# Georgia ADBA show!



## ::::COACH:::: (Apr 4, 2012)

Be there or be square! :thumbsup:

April 26 and 27, 2014 
Location: Bartow Saddle Club
50 Saddle Club Drive
Cartersville, GA30120

The Georgia APBTC (GA) will host 2 conformation shows and 1 weight pull on Saturday, and 1 conformation show and 1 weight pull on Sunday at the Bartow Saddle Club in Cartersville, GA. Please contact Mari 770-539-2823 or Beth 770-561-3508

Judges: 
Saturday AM - Frank Rocca
Saturday PM - Ron Wolfe
Sunday - Mary Seay


----------



## ames (Jun 6, 2010)

You going to this show and not the fun show out here? Figured since you get points and posted it here you're going to this one.
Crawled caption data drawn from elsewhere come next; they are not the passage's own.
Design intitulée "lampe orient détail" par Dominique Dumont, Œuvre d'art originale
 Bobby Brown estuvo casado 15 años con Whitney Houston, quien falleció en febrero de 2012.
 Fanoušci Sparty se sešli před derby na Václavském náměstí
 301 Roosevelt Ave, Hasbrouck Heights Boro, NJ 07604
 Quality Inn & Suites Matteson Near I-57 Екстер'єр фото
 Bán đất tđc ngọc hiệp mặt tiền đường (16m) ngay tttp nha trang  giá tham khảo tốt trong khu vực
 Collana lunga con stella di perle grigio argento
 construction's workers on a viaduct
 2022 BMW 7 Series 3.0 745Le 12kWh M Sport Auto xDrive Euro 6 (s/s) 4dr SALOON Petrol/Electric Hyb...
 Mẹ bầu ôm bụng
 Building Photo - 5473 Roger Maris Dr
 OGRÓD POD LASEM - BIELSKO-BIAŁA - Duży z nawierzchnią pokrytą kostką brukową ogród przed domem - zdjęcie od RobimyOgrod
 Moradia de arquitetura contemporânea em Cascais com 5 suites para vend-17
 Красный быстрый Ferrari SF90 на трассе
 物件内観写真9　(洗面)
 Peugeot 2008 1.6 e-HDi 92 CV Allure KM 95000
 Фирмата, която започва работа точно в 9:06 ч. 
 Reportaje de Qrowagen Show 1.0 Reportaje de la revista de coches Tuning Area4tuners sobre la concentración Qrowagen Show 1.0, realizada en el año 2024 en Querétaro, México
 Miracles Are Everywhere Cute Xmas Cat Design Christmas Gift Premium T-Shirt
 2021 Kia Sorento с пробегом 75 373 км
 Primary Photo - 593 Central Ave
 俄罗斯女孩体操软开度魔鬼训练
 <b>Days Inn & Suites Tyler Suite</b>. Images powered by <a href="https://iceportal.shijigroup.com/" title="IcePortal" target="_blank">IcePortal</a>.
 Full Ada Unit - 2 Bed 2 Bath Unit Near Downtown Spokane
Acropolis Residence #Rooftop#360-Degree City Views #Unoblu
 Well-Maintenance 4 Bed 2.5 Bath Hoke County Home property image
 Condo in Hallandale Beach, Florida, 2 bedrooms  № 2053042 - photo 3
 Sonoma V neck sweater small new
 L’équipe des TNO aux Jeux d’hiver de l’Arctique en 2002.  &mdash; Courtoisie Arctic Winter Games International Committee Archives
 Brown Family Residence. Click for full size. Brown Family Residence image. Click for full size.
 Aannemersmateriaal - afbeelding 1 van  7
I so GOOD LUCK can't wait to hear how you did!!

Sent from Petguide.com App so please excuse the typos


----------



## ::::COACH:::: (Apr 4, 2012)

I've been trying to post all the shows as they come up, just in case someone in that area wants to go!


----------



## ThaLadyPit (Oct 12, 2008)

I know Jessie (Circle M Kennels) is going with her crew. Too bad I can't make it. I got Saturday off, but Ices is nowhere near ready. Wishing everyone in attendance safe travels and the best performance.


----------



## welder (Jan 25, 2013)

on your way threw sc stop by and pick a couple of mine to take with you.lol

just have plenty of patience!!! you gonna need it.


----------



## ::::COACH:::: (Apr 4, 2012)

:woof: yeeeeees! I'd love to show off some of those fine dogs of yours welder!


----------



## rex abernathy (Nov 23, 2013)

Bringing two or three! they are good'uns! REX


----------



## ::::COACH:::: (Apr 4, 2012)

Oh my gosh Rex I want to meet!!!


----------



## welder (Jan 25, 2013)

hey coach, you gonna pull and show or just show?


----------



## ::::COACH:::: (Apr 4, 2012)

Just show. Pyra isn't ready to compete...and Lucius, well he pretty much gives me the middle finger when it comes to pulling LOL


----------



## randallpits (Oct 20, 2013)

Think I'll show Lucy Lu in the puppy show. She is certainly not show material, but I think it would be good to show, for support, of the breed. She won't know if she looses anyway, because the way I'll go on about it to her she will think she won something. Talked to some good dog men who are supposed to show up. Anyone on the forum coming be sure, and look me up. Would love to meet any of you in person.


----------



## circlemkennels (Aug 29, 2010)

I'll be there with a bunch lol... Not sure how many yet


----------



## OldFortKennels (Mar 10, 2006)

I really wanted to make this show for old times sakes but I ended up having to go to Fl.


----------



## rex abernathy (Nov 23, 2013)

Look forward to meeting and greeting, I'm bringing a couple of dogs, but I won't be showing because I'm not experienced enough, but I love to watch! My considered opinion is that every darn bulldog there will leave thinking it won! Just the way they are.


----------